_In this notebook, we show how to perform face recognition using Support Vector Machines. We will use the Olivetti faces dataset, included in Scikit-learn. More info at: http://scikit-learn.org/stable/datasets/olivetti_faces.html_
Start by importing numpy, scikit-learn, and pyplot, the Python libraries we will be using in this chapter. Show the versions we will be using (in case you have problems running the notebooks).
%pylab inline
import IPython
import sklearn as sk
import numpy as np
import matplotlib
import matplotlib.pyplot as plt
print 'IPython version:', IPython.__version__
print 'numpy version:', np.__version__
print 'scikit-learn version:', sk.__version__
print 'matplotlib version:', matplotlib.__version__
Import the olivetti faces dataset
from sklearn.datasets import fetch_olivetti_faces
# fetch the faces data
faces = fetch_olivetti_faces()
print faces.DESCR
Let's look at the data, faces.images has 400 images of faces, each one is composed by a matrix of 64x64 pixels. faces.data has the same data but in rows of 4096 attributes instead of matrices (4096 = 64x64)
print faces.keys()
print faces.images.shape
print faces.data.shape
print faces.target.shape
We don't have to scale attributes, because data is already normalized
print np.max(faces.data)
print np.min(faces.data)
print np.mean(faces.data)
Plot the first 20 images.

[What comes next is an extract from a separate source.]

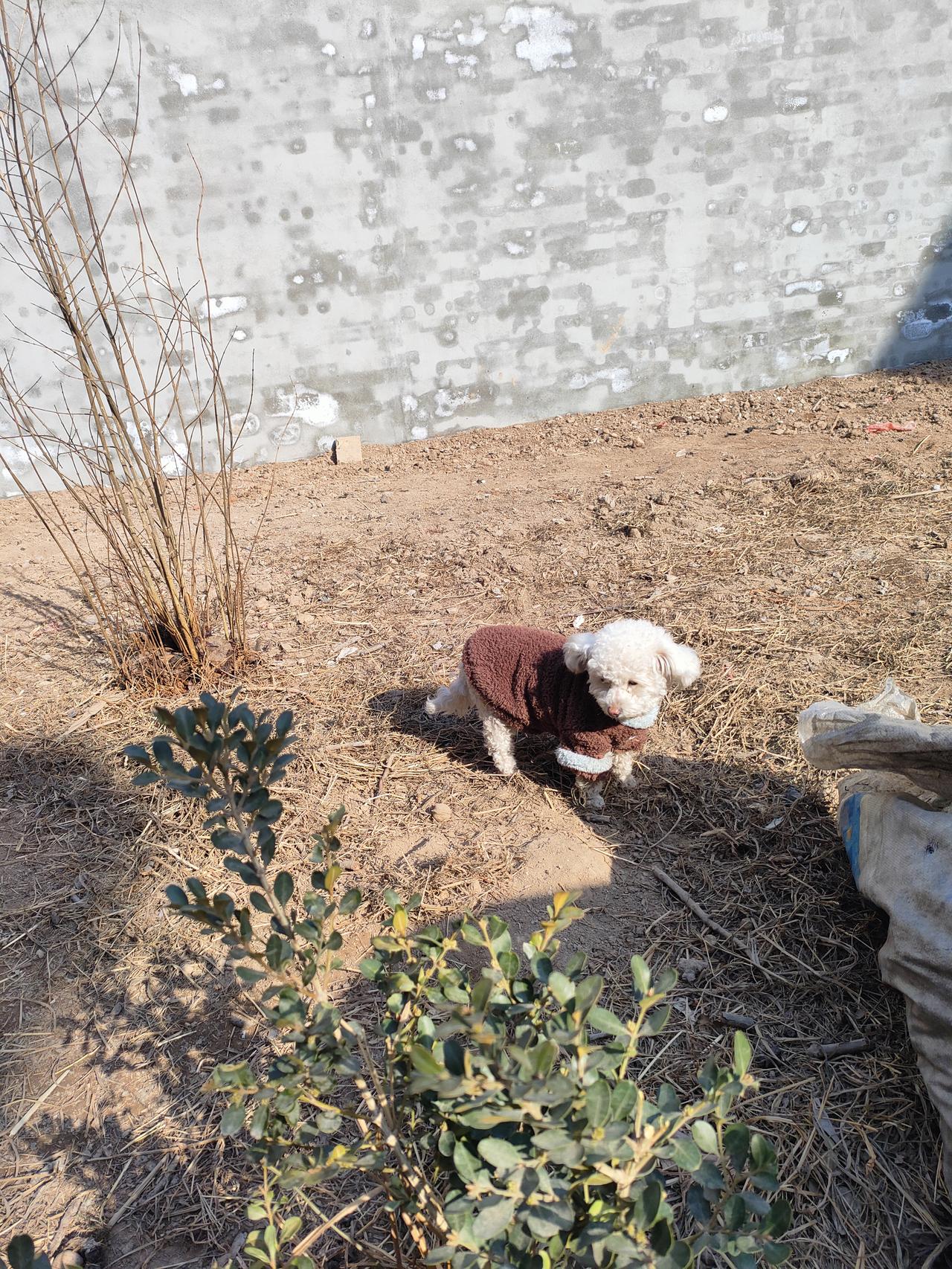 骏马启程得现金我正在参加骏马启程分50万春节活动。完成任务使骏马加速，累计里程越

We have 40 individuals with 10 different images each.
def print_faces(images, target, top_n):
# set up the figure size in inches
fig = plt.figure(figsize=(12, 12))
fig.subplots_adjust(left=0, right=1, bottom=0, top=1, hspace=0.05, wspace=0.05)
for i in range(top_n):
# plot the images in a matrix of 20x20
p = fig.add_subplot(20, 20, i + 1, xticks=[], yticks=[])
p.imshow(images[i], cmap=plt.cm.bone)
# label the image with the target value
p.text(0, 14, str(target[i]))
p.text(0, 60, str(i))
print_faces(faces.images, faces.target, 20)
Plot all the faces in a matrix of 20x20, for each one, we'll put it target value in the top left corner and it index in the bottom left corner. It may take a few seconds.
print_faces(faces.images, faces.target, 400)